(Brief descriptive captions)

--------------------------------

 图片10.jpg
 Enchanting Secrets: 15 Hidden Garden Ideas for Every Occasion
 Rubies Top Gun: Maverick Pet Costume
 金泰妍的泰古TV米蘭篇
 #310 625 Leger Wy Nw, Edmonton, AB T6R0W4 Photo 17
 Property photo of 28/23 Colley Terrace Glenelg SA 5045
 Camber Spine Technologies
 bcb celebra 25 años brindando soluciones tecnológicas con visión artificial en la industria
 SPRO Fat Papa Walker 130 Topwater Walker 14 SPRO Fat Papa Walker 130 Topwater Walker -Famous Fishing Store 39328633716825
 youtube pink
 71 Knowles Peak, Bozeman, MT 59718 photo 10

--------------------------------

Work to complete: The data above is to be given again, with every line exact.

Answer to the problem:
 图片10.jpg
 Enchanting Secrets: 15 Hidden Garden Ideas for Every Occasion
 Rubies Top Gun: Maverick Pet Costume
 金泰妍的泰古TV米蘭篇
 #310 625 Leger Wy Nw, Edmonton, AB T6R0W4 Photo 17
 Property photo of 28/23 Colley Terrace Glenelg SA 5045
 Camber Spine Technologies
 bcb celebra 25 años brindando soluciones tecnológicas con visión artificial en la industria
 SPRO Fat Papa Walker 130 Topwater Walker 14 SPRO Fat Papa Walker 130 Topwater Walker -Famous Fishing Store 39328633716825
 youtube pink
 71 Knowles Peak, Bozeman, MT 59718 photo 10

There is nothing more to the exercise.